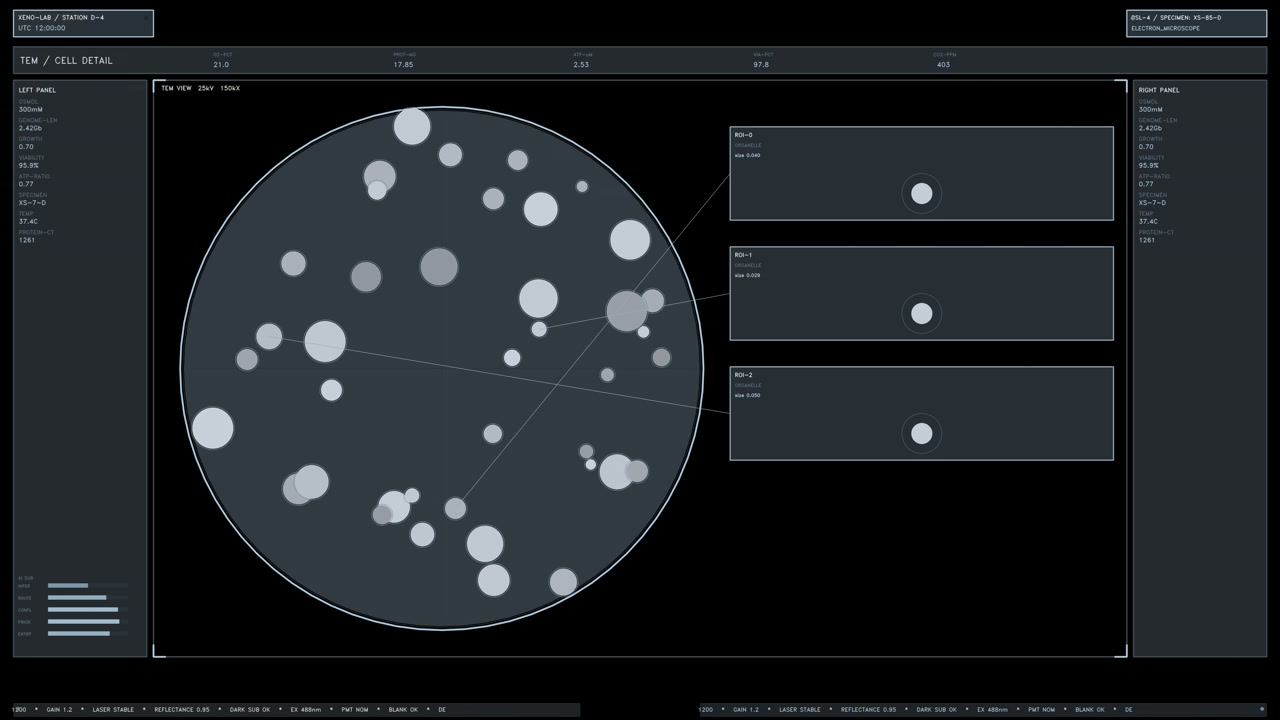 A blue sci fi biotech interface element showing cell detail analysis with changing data metrics, ROI panels, and a central scanning circle. Loops seamlessly as an overlay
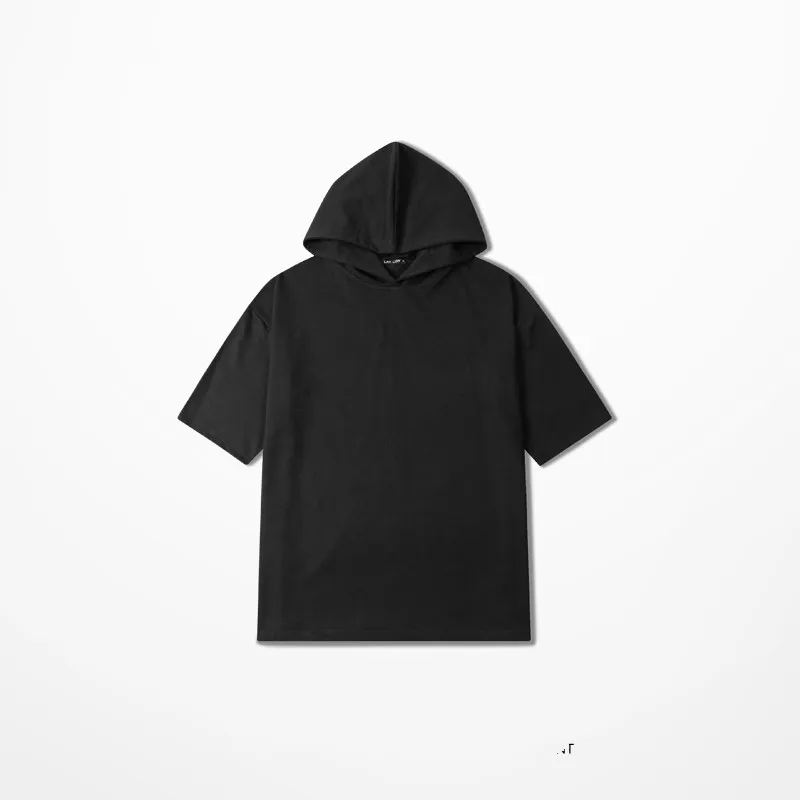 High Street Short Sleeve With Cap Hoodie Men Hip Hop Skateboard Red Strip Sweatshirt Men Justin Bieber Mens Kpop
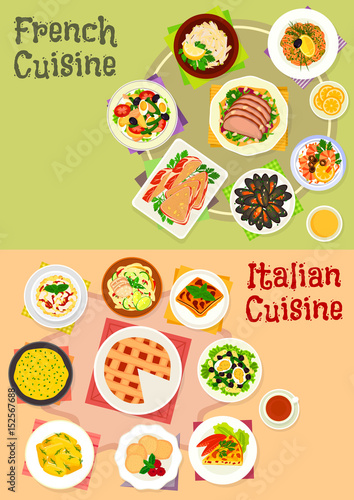 Italian and french cuisine dishes icon set design
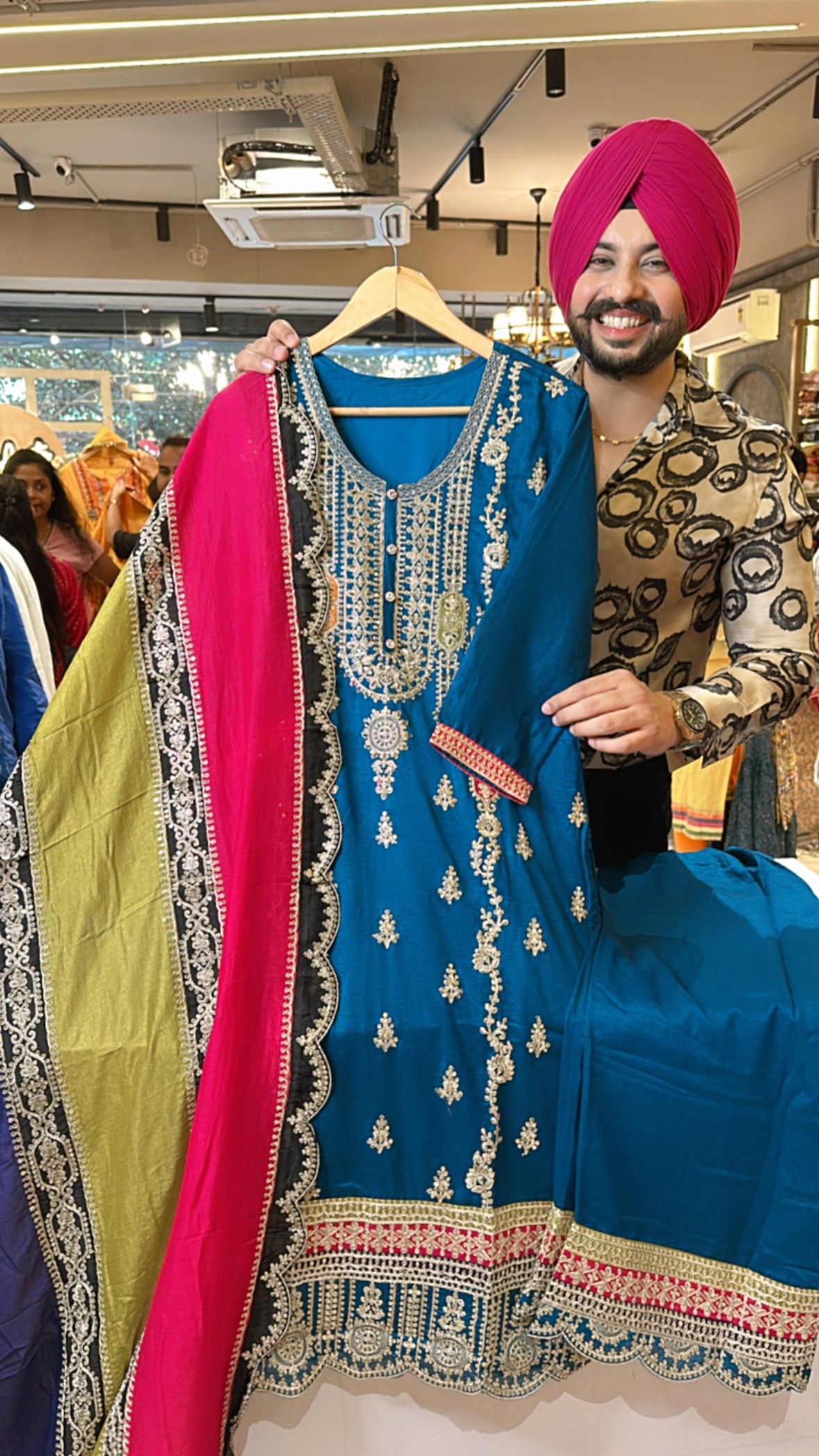 Peacock blue Chinon heavy embroidered Straight Plazo Suit with beautiful Duppata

About this task: Make an exact copy of all the material, but keep the pictures out of it.

Task result:
 A blue sci fi biotech interface element showing cell detail analysis with changing data metrics, ROI panels, and a central scanning circle. Loops seamlessly as an overlay
 High Street Short Sleeve With Cap Hoodie Men Hip Hop Skateboard Red Strip Sweatshirt Men Justin Bieber Mens Kpop
 Italian and french cuisine dishes icon set design
 Peacock blue Chinon heavy embroidered Straight Plazo Suit with beautiful Duppata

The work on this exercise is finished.